Message ID | 20191220143025.33853-1-andrew.murray@arm.com (mailing list archive) |
---|---|
Headers | show |
Series | arm64: KVM: add SPE profiling support | expand |
Hi Andrew, On Fri, Dec 20, 2019 at 02:30:07PM +0000, Andrew Murray wrote: > This series implements support for allowing KVM guests to use the Arm > Statistical Profiling Extension (SPE). > > It has been tested on a model to ensure that both host and guest can > simultaneously use SPE with valid data. E.g. > > $ perf record -e arm_spe/ts_enable=1,pa_enable=1,pct_enable=1/ \ > dd if=/dev/zero of=/dev/null count=1000 > $ perf report --dump-raw-trace > spe_buf.txt What happens if I run perf record on the VMM, or on the CPU(s) that the VMM is running on? i.e. $ perf record -e arm_spe/ts_enable=1,pa_enable=1,pct_enable=1/ \ lkvm ${OPTIONS_FOR_GUEST_USING_SPE} ... or: $ perf record -a -c 0 -e arm_spe/ts_enable=1,pa_enable=1,pct_enable=1/ \ sleep 1000 & $ taskset -c 0 lkvm ${OPTIONS_FOR_GUEST_USING_SPE} & > As we save and restore the SPE context, the guest can access the SPE > registers directly, thus in this version of the series we remove the > trapping and emulation. > > In the previous series of this support, when KVM SPE isn't supported > (e.g. via CONFIG_KVM_ARM_SPE) we were able to return a value of 0 to > all reads of the SPE registers - as we can no longer do this there isn't > a mechanism to prevent the guest from using SPE - thus I'm keen for > feedback on the best way of resolving this. When not providing SPE to the guest, surely we should be trapping the registers and injecting an UNDEF? What happens today, without these patches? > It appears necessary to pin the entire guest memory in order to provide > guest SPE access - otherwise it is possible for the guest to receive > Stage-2 faults. AFAICT these patches do not implement this. I assume that's what you're trying to point out here, but I just want to make sure that's explicit. Maybe this is a reason to trap+emulate if there's something more sensible that hyp can do if it sees a Stage-2 fault. Thanks, Mark.

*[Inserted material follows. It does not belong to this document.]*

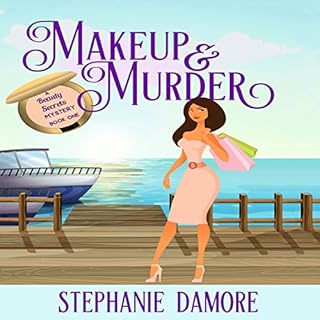 Makeup & Murder Audiobook By Stephanie Damore cover art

[fixing email addresses] Hi Andrew, On 2019-12-20 14:30, Andrew Murray wrote: > This series implements support for allowing KVM guests to use the Arm > Statistical Profiling Extension (SPE). Thanks for this. In future, please Cc me and Will on email addresses we can actually read. > It has been tested on a model to ensure that both host and guest can > simultaneously use SPE with valid data. E.g. > > $ perf record -e arm_spe/ts_enable=1,pa_enable=1,pct_enable=1/ \ > dd if=/dev/zero of=/dev/null count=1000 > $ perf report --dump-raw-trace > spe_buf.txt > > As we save and restore the SPE context, the guest can access the SPE > registers directly, thus in this version of the series we remove the > trapping and emulation. > > In the previous series of this support, when KVM SPE isn't supported > (e.g. via CONFIG_KVM_ARM_SPE) we were able to return a value of 0 to > all reads of the SPE registers - as we can no longer do this there > isn't > a mechanism to prevent the guest from using SPE - thus I'm keen for > feedback on the best way of resolving this. Surely there is a way to conditionally trap SPE registers, right? You should still be able to do this if SPE is not configured for a given guest (as we do for other feature such as PtrAuth). > It appears necessary to pin the entire guest memory in order to > provide > guest SPE access - otherwise it is possible for the guest to receive > Stage-2 faults. Really? How can the guest receive a stage-2 fault? This doesn't fit what I understand of the ARMv8 exception model. Or do you mean a SPE interrupt describing a S2 fault? And this is not just pinning the memory either. You have to ensure that all S2 page tables are created ahead of SPE being able to DMA to guest memory. This may have some impacts on the THP code... I'll have a look at the actual series ASAP (but that's not very soon). Thanks, M.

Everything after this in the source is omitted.